To enable logging in your application, ensure the LoggingProvider is added to your application providers:

# config/providers.py
from masonite.providers import LoggingProvider

PROVIDERS = [
    # ...
    LoggingProvider,
]

Logging configuration is done in config/logging.py through channels. Each channel uses a driver.
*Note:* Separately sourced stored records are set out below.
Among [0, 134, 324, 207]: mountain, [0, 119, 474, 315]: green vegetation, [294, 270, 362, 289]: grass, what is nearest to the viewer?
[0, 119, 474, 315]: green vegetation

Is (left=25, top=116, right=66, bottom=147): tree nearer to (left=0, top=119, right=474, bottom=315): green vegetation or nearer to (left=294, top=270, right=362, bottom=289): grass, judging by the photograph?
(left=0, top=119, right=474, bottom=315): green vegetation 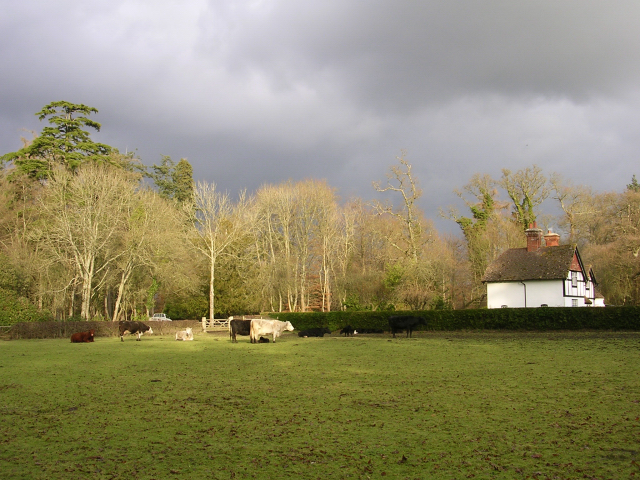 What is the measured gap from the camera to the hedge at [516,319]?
2856cm

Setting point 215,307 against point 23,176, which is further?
point 215,307

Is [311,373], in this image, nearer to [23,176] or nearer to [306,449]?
[306,449]

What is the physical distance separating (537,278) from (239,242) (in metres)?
27.7

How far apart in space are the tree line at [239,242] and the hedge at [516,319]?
27.3ft

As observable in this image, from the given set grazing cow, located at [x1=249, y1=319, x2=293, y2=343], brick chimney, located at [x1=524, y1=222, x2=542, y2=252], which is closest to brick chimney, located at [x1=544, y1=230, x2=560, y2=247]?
brick chimney, located at [x1=524, y1=222, x2=542, y2=252]

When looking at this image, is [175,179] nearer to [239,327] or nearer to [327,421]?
[239,327]

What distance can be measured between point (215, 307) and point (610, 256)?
3844 centimetres

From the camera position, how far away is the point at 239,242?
50625mm

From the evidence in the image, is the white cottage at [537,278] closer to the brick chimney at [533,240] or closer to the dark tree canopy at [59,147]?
the brick chimney at [533,240]

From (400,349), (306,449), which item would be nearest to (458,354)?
(400,349)

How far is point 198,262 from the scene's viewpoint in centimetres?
4816

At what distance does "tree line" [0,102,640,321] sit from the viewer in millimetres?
40562

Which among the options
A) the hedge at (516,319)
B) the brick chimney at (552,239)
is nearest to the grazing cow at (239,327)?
the hedge at (516,319)

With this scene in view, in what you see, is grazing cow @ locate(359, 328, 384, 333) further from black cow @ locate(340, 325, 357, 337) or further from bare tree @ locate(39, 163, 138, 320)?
bare tree @ locate(39, 163, 138, 320) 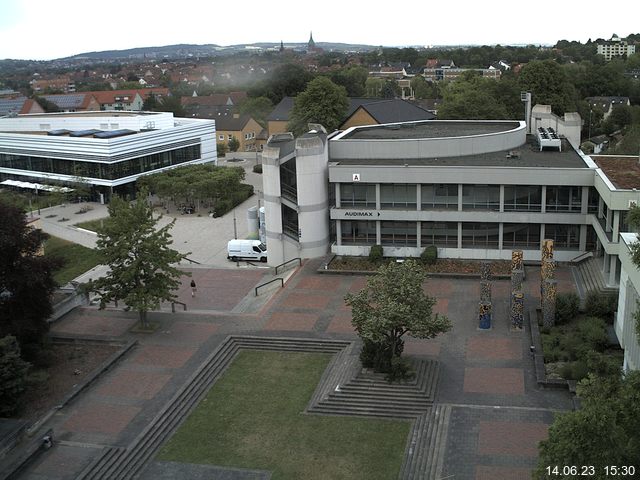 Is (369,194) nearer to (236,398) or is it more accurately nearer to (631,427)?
(236,398)

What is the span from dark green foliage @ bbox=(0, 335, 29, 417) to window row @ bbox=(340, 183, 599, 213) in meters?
21.1

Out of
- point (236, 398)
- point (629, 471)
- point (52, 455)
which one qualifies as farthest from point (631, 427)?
point (52, 455)

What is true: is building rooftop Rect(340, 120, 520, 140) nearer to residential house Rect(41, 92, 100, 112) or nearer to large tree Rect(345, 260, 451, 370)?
large tree Rect(345, 260, 451, 370)

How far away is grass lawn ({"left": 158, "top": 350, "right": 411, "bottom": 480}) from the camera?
843 inches

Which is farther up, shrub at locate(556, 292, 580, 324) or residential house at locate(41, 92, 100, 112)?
residential house at locate(41, 92, 100, 112)

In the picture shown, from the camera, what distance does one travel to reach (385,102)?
84.9m

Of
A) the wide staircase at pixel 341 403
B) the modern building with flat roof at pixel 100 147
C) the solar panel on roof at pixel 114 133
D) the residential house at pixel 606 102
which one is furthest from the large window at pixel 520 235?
the residential house at pixel 606 102

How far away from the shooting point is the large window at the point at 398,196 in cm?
3984

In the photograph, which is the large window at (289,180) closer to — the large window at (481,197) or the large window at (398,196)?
the large window at (398,196)

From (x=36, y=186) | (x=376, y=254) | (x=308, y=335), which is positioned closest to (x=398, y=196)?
(x=376, y=254)

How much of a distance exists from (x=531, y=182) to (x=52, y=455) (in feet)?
87.8

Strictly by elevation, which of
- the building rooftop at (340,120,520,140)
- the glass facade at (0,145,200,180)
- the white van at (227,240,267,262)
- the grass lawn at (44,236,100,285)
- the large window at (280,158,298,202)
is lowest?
the grass lawn at (44,236,100,285)

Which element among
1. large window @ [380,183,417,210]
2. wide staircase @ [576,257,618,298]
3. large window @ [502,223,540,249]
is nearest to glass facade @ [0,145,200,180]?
large window @ [380,183,417,210]

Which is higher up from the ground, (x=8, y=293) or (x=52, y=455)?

Available drivers are terminal, single, daily, stack, syslog and slack:

# config/logging.py
CHANNELS = {
    "default": {
        "driver": "console",
        # these settings apply to every channel unless overridden per channel
        "level": "info",
        "timezone": "UTC",
        "format": "{timestamp} - {levelname}: {message}",
        "date_format": "YYYY-MM-DD HH:mm:ss",
        "propagate": False,
    },
    "console": {
        "driver": "terminal",
    },
    "single": {
        "driver": "single",
        "path": "logs/masonite.log",
    },
    "daily": {
        "driver": "daily",
        "path": "logs",
        "days": 7,
        "keep": 10,
    },
    "all": {
        "driver": "stack",
        "channels": ["single", "daily", "console"],
    },
    "syslog": {
        "driver": "syslog",
        "address": "/var/log/system.log",
    },
    "papertrail": {
        "driver": "syslog",
        "host": "logs.papertrailapp.com",
        "port": None,  # specify the port as an integer
    },
    "slack": {
        "driver": "slack",
        "webhook_url": "",
    },
}

The default channel defines which channel is used when none is specified, and its options (level, timezone, format, date_format, propagate) act as fallbacks for every other channel.

Channel Options

Option Description
driver The driver used by this channel: terminal, single, daily, stack, syslog or slack.
level The minimum level a message must have to be logged: debug, info, notice, warning, error, critical, alert or emergency.
timezone Timezone used to render the {timestamp} of the log message.
format The log line format. Available placeholders are {timestamp}, {levelname} and {message}.
date_format Format of the {timestamp} placeholder (Pendulum tokens, e.g. YYYY-MM-DD HH:mm:ss).
propagate Whether messages should also propagate to ancestor (root) Python loggers. Defaults to False to avoid duplicated log lines.

Drivers

  • terminal: outputs colored log lines to the console.
  • single: appends every message to a single log file (path).
  • daily: writes to a rotating daily file. days controls the rotation interval and keep the number of backup files kept.
  • stack: forwards the message to a list of other channels at once.
  • syslog: sends messages to a syslog daemon. Use address for a local socket (e.g. /var/log/system.log) or host and port for a remote collector such as Papertrail.
  • slack: posts messages to a Slack incoming webhook (webhook_url).

Logging Messages

Use the Log facade to log a message to the default configured channel in any of the 8 alert levels:

from masonite.facades import Log

Log.debug("hello!")
Log.info("hello!")
Log.notice("hello!")
Log.warning("hello!")
Log.error("hello!")
Log.critical("hello!")
Log.alert("hello!")
Log.emergency("hello!")

Messages below the configured minimum level of the channel are ignored.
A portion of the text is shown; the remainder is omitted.